The Right Answer

I don’t often agree with Mark Zuckerberg, but in this case, I do, to the extent he has the courage of his words. The European Union’s Internal Market Commission has fined Meta $1.3 billion for the crime of sending the data its Facebook facility collects on European citizens to servers in the US.

The ruling raises pressure on the US government to complete a deal that would allow Meta and thousands of multinational companies to keep sending such information stateside.
Tech companies have been especially vulnerable to regulatory scrutiny absent such a deal. But most large international companies rely on a relatively free flow of data across the Atlantic….

No, the “pressure” applied is only what Biden and his staff choose to feel. Instead, this would be a good time for Biden and his to act like they care more about what benefits America than about what benefits other polities. The vast majority of those large international companies are, after all, American companies, and the requirement to keep that kind of data on EU servers is nakedly aimed at our companies. Apparently, the Commission thinks that EU companies are unable to compete without anchors tied around our companies’ ankles.

Zuckerberg is on the right track. In addition to appealing the Commission’s order (Meta must stop sending information about European Facebook users to the US and delete data already sent) and fine, he says:

Meta has said in securities filings that if ordered to suspend transfers, it may have to stop offering services in the EU….

All of our transnationals should take that tack. If the EU wants to compete only on the race to regulatory control, it should be left to play by itself.
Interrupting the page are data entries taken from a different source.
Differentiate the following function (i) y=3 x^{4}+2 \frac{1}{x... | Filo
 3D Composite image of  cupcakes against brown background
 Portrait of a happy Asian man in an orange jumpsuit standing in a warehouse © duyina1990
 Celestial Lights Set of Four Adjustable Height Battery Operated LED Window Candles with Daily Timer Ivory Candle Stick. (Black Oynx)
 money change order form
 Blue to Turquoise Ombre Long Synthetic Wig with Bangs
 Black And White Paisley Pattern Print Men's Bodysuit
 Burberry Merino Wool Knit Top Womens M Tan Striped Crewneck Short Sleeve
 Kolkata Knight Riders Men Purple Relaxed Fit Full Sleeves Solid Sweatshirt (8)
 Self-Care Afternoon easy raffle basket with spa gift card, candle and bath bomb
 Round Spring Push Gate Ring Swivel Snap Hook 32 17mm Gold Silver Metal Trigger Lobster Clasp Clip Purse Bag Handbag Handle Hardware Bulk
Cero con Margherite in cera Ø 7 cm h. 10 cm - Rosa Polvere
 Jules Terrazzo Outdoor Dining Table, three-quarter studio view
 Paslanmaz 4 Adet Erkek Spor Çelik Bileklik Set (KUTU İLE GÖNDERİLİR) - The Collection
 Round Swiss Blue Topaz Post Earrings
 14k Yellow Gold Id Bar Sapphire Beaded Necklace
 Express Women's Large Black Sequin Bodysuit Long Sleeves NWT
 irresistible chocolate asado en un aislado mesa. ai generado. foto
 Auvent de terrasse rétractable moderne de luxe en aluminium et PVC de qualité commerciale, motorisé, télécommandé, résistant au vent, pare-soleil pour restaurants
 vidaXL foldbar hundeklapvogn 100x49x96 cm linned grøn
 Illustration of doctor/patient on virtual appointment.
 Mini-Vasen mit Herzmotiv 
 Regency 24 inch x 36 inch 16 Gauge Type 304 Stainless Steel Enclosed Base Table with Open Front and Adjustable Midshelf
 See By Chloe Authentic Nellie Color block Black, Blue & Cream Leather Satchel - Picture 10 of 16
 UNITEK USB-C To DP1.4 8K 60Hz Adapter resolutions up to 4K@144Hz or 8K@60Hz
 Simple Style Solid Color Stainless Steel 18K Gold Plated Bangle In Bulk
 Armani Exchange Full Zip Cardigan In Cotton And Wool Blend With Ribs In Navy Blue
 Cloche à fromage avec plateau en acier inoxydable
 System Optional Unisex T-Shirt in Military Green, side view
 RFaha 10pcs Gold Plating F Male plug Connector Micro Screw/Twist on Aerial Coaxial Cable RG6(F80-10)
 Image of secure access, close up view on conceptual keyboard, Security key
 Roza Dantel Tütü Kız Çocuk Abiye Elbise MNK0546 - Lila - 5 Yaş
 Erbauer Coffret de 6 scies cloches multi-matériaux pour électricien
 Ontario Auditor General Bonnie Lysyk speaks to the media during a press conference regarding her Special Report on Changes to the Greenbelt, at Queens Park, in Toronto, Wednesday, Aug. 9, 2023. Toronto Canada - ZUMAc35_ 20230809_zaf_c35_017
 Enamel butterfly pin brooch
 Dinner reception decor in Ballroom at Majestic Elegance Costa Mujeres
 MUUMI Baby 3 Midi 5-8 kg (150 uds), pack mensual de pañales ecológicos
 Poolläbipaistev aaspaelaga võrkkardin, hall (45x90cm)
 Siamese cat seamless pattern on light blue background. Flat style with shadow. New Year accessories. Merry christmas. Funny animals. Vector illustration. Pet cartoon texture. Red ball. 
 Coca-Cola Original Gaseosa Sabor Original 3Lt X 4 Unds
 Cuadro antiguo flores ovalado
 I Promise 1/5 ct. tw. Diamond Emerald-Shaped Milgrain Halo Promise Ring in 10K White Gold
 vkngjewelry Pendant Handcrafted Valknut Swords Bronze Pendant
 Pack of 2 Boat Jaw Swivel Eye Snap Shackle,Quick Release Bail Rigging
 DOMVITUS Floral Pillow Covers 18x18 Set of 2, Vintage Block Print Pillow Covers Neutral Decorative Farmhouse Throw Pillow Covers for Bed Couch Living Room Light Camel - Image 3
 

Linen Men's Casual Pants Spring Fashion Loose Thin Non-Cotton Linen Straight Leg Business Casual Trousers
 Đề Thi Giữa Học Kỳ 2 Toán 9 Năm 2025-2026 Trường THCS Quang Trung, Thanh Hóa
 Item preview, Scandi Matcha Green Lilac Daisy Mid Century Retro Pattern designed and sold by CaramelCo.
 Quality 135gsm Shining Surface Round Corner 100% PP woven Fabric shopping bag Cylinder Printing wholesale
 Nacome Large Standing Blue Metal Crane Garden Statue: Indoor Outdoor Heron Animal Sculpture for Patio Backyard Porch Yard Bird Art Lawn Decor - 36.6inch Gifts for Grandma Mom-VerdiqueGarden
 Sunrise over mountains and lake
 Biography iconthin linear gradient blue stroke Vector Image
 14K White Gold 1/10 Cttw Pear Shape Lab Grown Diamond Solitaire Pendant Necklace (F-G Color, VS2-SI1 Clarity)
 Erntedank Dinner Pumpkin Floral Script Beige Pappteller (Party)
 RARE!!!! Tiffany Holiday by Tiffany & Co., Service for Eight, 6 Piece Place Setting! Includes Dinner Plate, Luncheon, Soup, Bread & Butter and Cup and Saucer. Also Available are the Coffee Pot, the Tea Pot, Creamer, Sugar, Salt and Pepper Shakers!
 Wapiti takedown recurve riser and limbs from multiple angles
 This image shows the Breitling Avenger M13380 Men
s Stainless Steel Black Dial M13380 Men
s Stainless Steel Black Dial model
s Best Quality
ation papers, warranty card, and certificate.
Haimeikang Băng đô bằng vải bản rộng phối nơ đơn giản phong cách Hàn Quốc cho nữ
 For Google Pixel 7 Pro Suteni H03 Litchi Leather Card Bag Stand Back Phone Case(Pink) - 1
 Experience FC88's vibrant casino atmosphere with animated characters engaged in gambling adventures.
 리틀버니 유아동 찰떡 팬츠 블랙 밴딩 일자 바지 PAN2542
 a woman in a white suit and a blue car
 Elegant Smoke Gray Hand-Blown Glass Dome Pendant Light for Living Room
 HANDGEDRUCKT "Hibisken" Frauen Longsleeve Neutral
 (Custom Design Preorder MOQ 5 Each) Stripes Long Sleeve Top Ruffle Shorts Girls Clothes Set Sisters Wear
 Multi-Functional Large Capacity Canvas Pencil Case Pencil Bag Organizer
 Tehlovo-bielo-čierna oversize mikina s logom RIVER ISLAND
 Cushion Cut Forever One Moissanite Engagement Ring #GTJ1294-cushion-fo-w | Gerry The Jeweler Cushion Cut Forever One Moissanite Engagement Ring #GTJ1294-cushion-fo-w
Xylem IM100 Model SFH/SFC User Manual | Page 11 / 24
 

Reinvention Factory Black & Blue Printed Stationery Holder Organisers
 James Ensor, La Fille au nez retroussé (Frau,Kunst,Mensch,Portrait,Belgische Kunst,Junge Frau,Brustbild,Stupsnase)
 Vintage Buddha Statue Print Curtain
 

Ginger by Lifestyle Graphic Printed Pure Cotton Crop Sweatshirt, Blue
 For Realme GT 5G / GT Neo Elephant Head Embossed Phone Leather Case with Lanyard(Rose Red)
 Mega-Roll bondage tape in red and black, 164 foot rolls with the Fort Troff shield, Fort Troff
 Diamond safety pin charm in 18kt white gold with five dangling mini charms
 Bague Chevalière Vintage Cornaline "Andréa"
The race to be the most controlling administrative state is one our nation should happily lose.

This is where Biden backstops Zuckerberg. We’re waiting.

And one more, separate, thing. Biden also could backstop all of our transnationals and all of our domestic companies by getting the Federal government out of the business of spying on American citizens and rifling through private papers stored on American soil. On that, the EU has a valid beef.

Another Reason

In an attempt to extort concessions from us and to drive a wedge between us and the Republic of Korea, the People’s Republic of China has banned certain local firms in key information-infrastructure industries from buying computer chips from the American company Micron Technology.

The next two largest chip manufacturers after Micron are the RoK’s Samsung Electronics and SK Hynix, each with chip factories in the PRC. The wedge is the effort to get those two to sell into the PRC in place of Micron.

The RoK, though, along with Samsung and SK Hynix would do well to take the hint from the PRC’s attack on Micron, especially given the near dependence of the RoK on the PRC market. They’re even more exposed to PRC extortion than we are, and what the PRC is attempting against Micron, it can attempt against Samsung and SK Hynix and against the RoK’s overall trade relations with the PRC.

They would be well disposed, as would we, to cut economic ties with the PRC and eliminate that avenue of extortion.